There are nearly two million residents in the Greater Dublin Region—well over a third of the Republic’s population. Thankfully, though, the centre is relatively small and can be navigated by foot, with mostof the population living in suburbs.

This makes central Dublin one of the best cities worldwide for a short city holiday. Not that you’d be disappointed to run into Dublin’s locals. Despite the troubled history that they’ve had to endure, even relatively recently, the Irish are well-known for their friendliness, chattiness and willingness to welcome and share.

Dubliners very much espouse these qualities, meaning that a simple stop to ask someone for directions can easily turn into a conversational adventure. In these situations, it’s best to go with the flow, and simply allow the locals to lead the way, offering a chance to see the ‘real’ Dublin, rather than the tourist traps.

That said, the tourist traps can often be more interesting than you might think, particularly if you’re an architecture or history buff. Although some of Dublin’s finest Georgian architecture was demolished in the mid-20th century, a remarkable amount remains.

They were a reminder of the past British imperialism and were pulled down without regard to their beauty and architectural significance. They were replaced with modernist or pastiche office blocks, St. Stephen’s Green (Dublin 2) being a prime example.

Thankfully, attitudes have changed, and Dubliners are now rightly proud of their impressive buildings from all eras. This means that there are fantastic sites, old and new, around the city that the eyes can feast on.
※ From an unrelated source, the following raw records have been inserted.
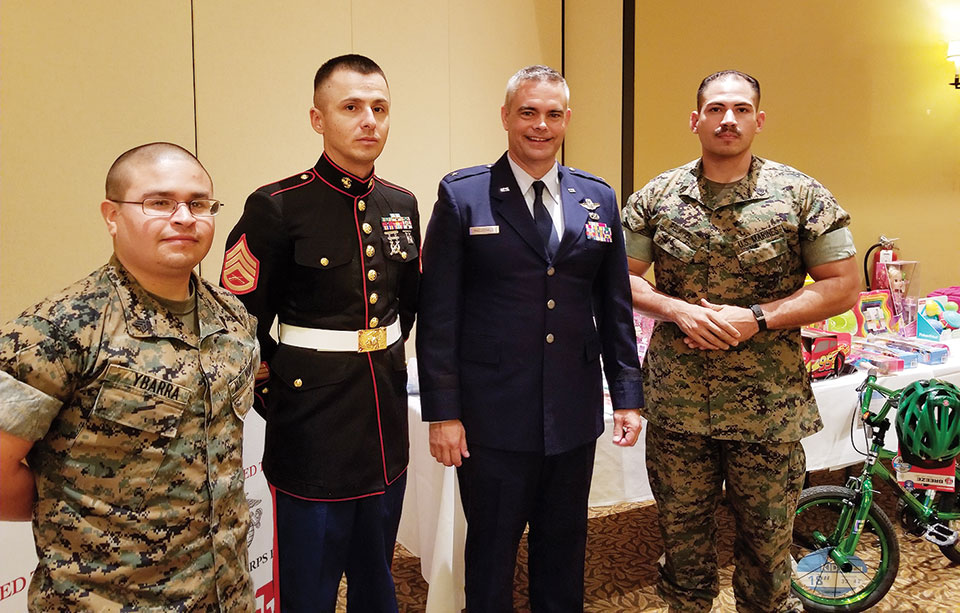 Marines from the Marine Corps Reserve Center in Tucson along with Air Force General MacDonald with some of the toys donated by members of Green Valley MOA; photo by Betty Atwater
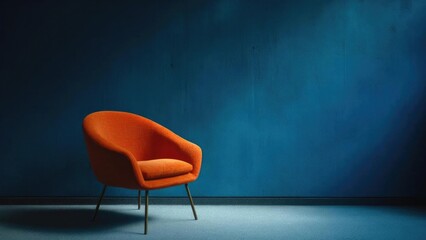 Orange upholstered lounge chair with metal legs in a minimalist blue-walled room. Concept Minimalist interior, Orange upholstered lounge chair, Blue-walled room, Modern furniture, Metal legs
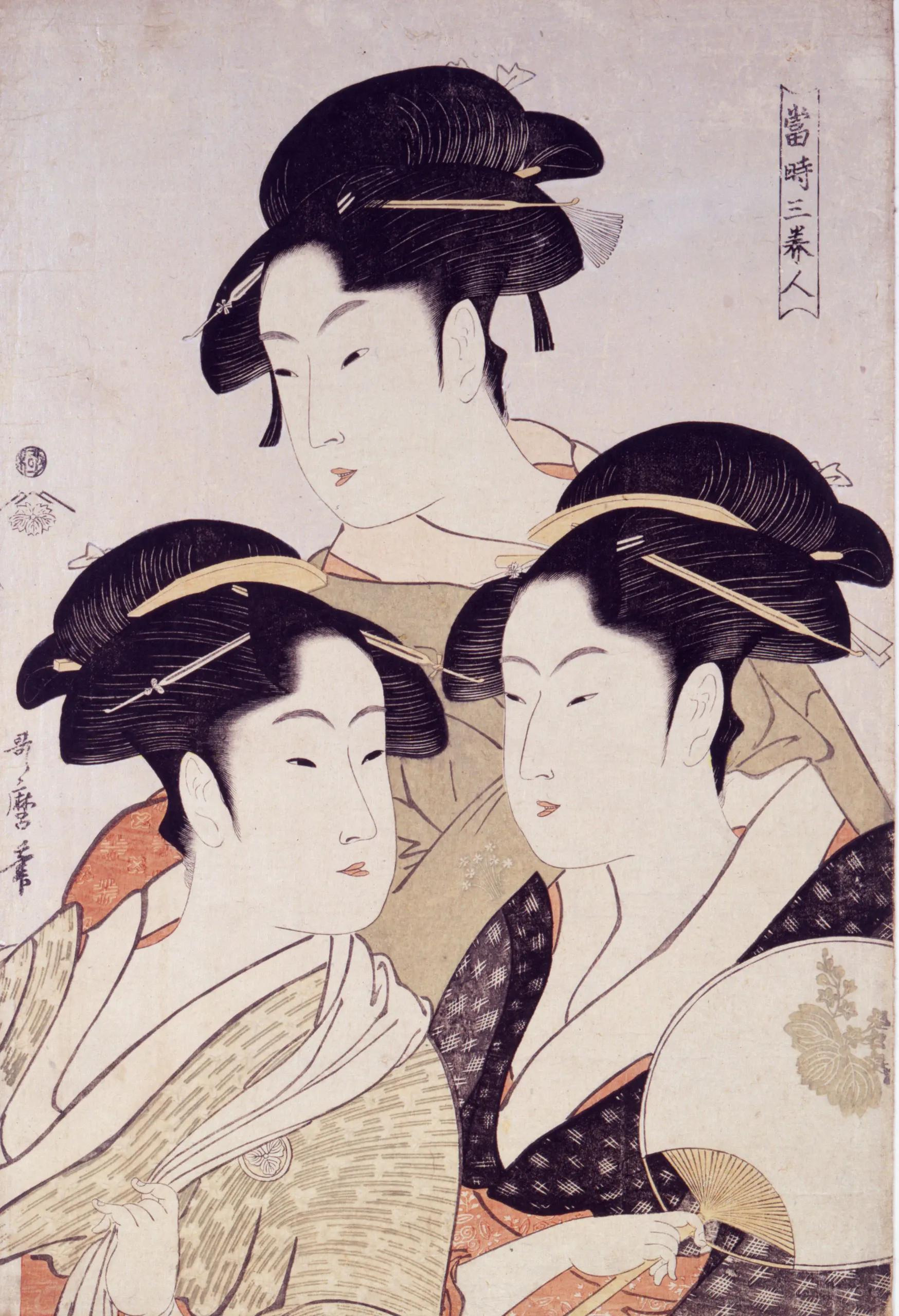 A vertically composed ukiyo-e-style color print shows three closely grouped women with elaborate black updos, pale faces, and layered kimono-like robes. The upper woman is centered behind two women in front; the lower-right woman holds an open folding fan. Decorative hair ornaments, patterned fabrics, and Japanese calligraphic marks appear around the figures.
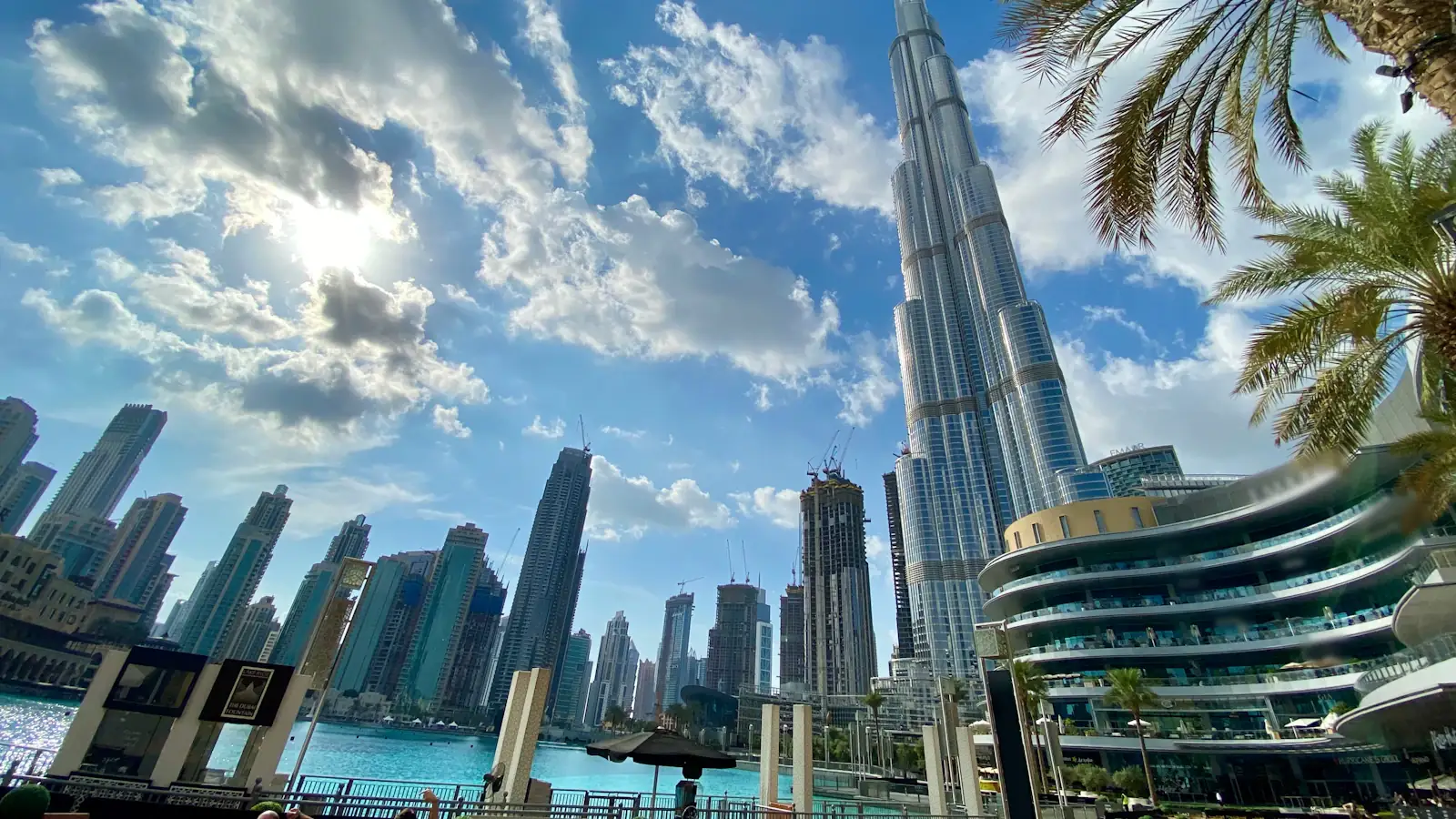 White high-rise towers beside the water in Dubai, a hub for UAE virtual asset regulators
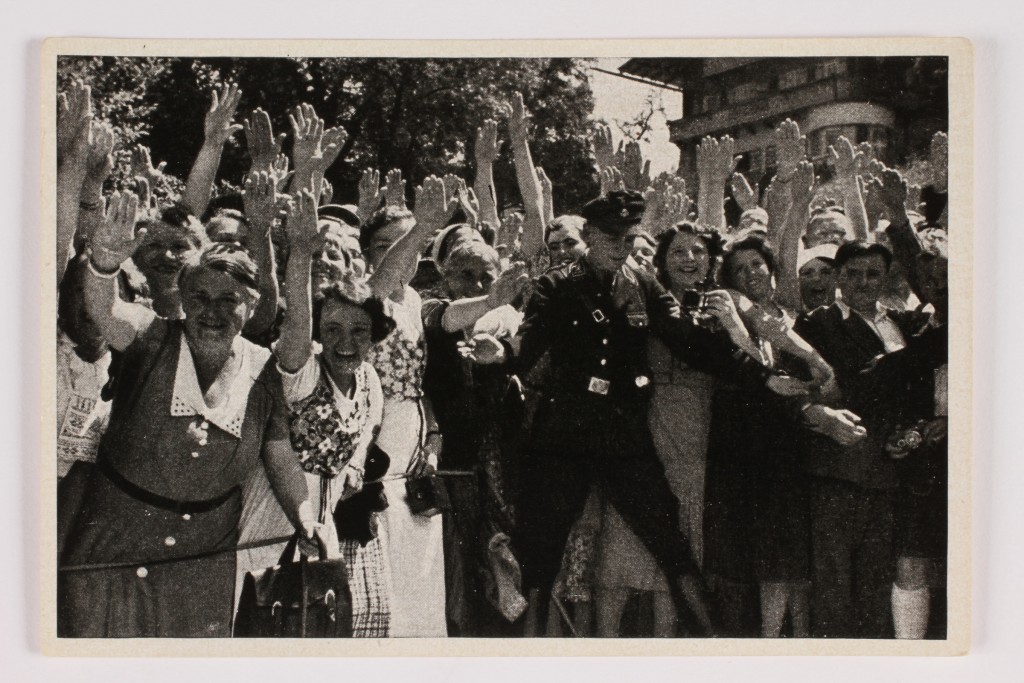 Cigarette card of a crowd of women giving the Nazi salute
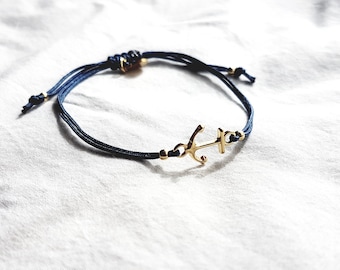 May include: A navy blue cord bracelet featuring a polished gold-tone metal anchor charm at the center. The bracelet includes small gold-tone metal beads along the cord and an adjustable sliding knot closure with knotted ends for a secure fit.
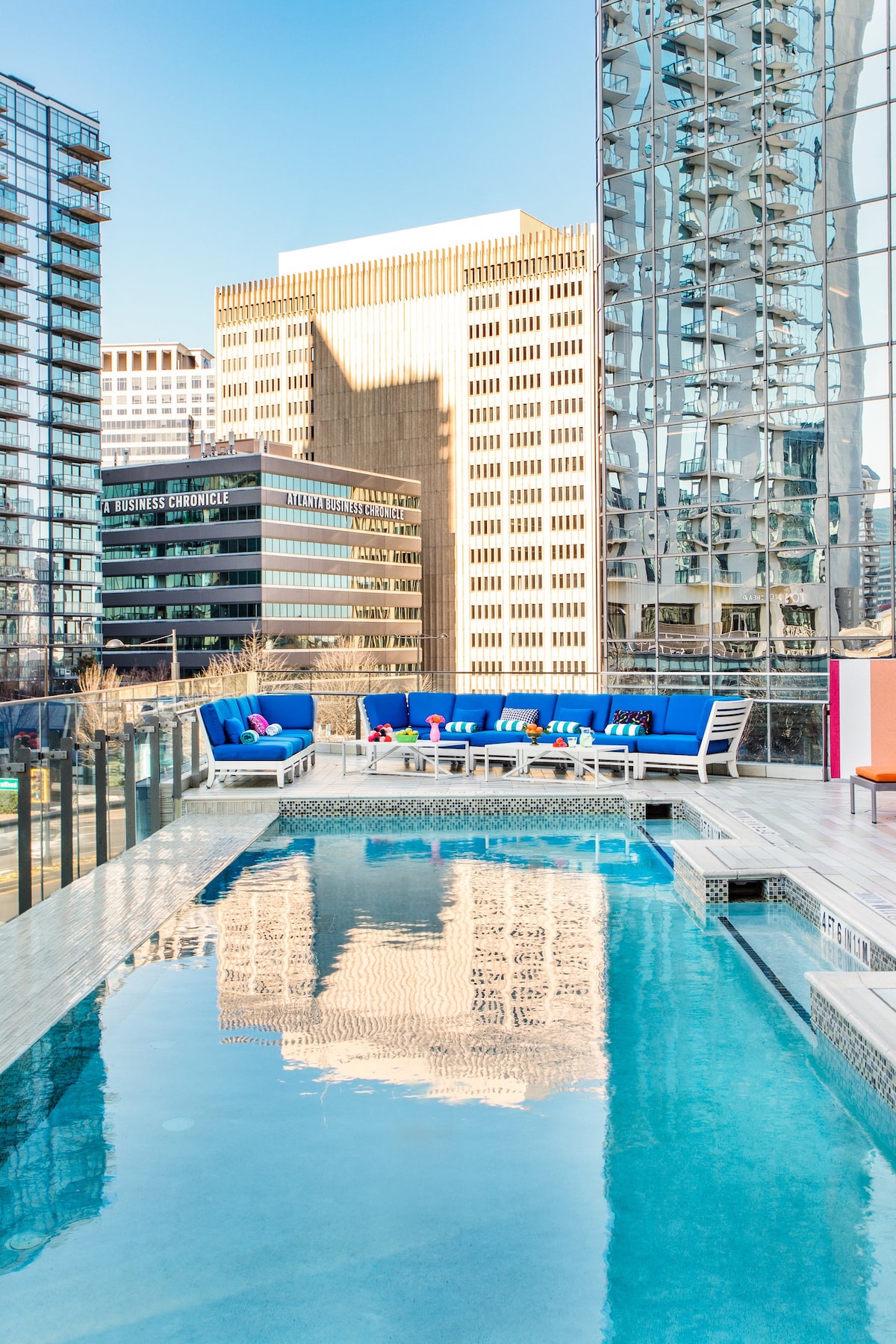 A vibrant rooftop pool area is featured, surrounded by sleek modern furniture in blue and white. The pool's clear water reflects the towering buildings of the cityscape, enhancing the tranquil environment. Glass railings provide an unobstructed view of the skyline.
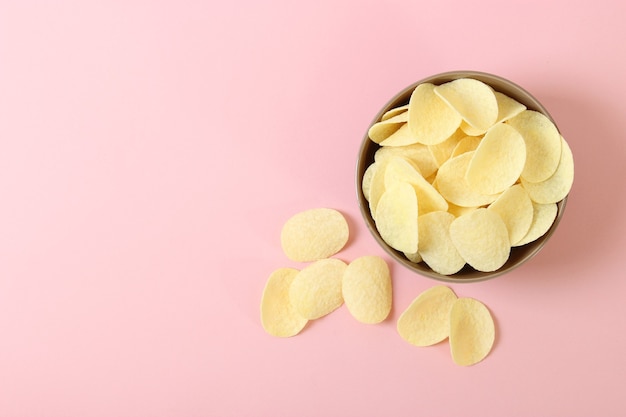 Aardappelchips in een bord op een gekleurd bovenaanzicht als achtergrond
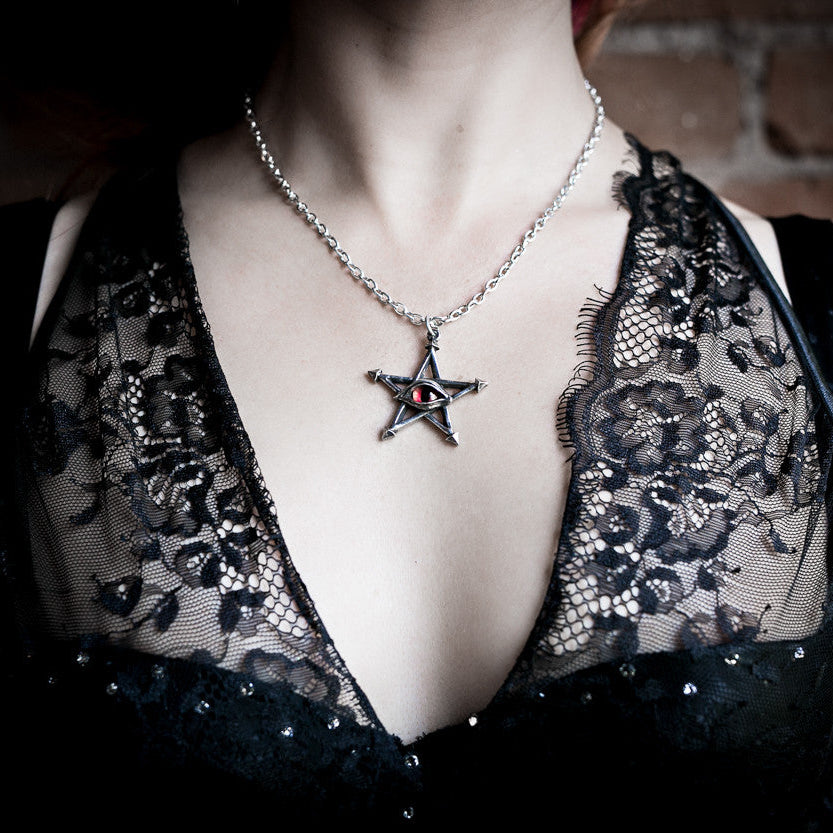 Person wearing a black lace top with a star pendant necklace against a brick wall.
Some of these buildings will be busier than others, and in the peak summer season, the top attractions are known for being packed with crowds. The Christ Church Cathedral, the oldest building in Dublin (dating back to the eleventh century), is a good example of this.

It underwent a massive restoration in the 19th century, and has since become one of the city’s top tourist attractions. The crypt, which actually pre-dates the cathedral, is a particularly popular spot, meaning it’s best to get there early to beat the crowds.

Other buildings of note include St Patrick’s Cathedral, the largest church in Ireland, and built in 1191; Dublin Castle, the former seat of the British rule in Ireland; and the General Post Office, one of the country’s most iconic buildings, designed by Francis Johnston in a neo-classical style.

Dublin is also famous for its art galleries and museums. In terms of art, worth a visit are the Irish Museum of Modern Art, the Projects Art Centre, the National Gallery of Ireland, and the Irish Georgian Society.

Meanwhile, the Green on Red Gallery is one of Dublin’s most dynamic and exciting art galleries, featuring the best of the country’s contemporary artists. There are also many worthy museums that offer a deep dive into Ireland’s, often troubled history.

For a frank but sensitive take on the history of Dublin, head to the Little Museum of Dublin. Meanwhile, the National Museum of Ireland features three sections—Archaeology, Decorative Arts and History, and Natural History.

For eating, Dublin has a wide range of high-quality restaurants. Many have a reputation for being overpriced by European standards, but tougher economic times have given rise to a new wave of stylish but casual, low-priced eateries offering great food.

There several fantastic Indian restaurants around the South William Street area, parallel to Grafton Street. The Khyber Tandoori on South William Street and Shalimar on South Great Georges Street are highly recommended. A similar multi-cultural hotspot is Parnell Street in Dublin 1, which has a dense concentration of Chinese and Asian restaurants extensively frequented by expat communities.

And don’t forget to try Leo Burdock Fish and Chips, a small indoor eatery that has been frequented by a number of famous people whose names are listed on the wall.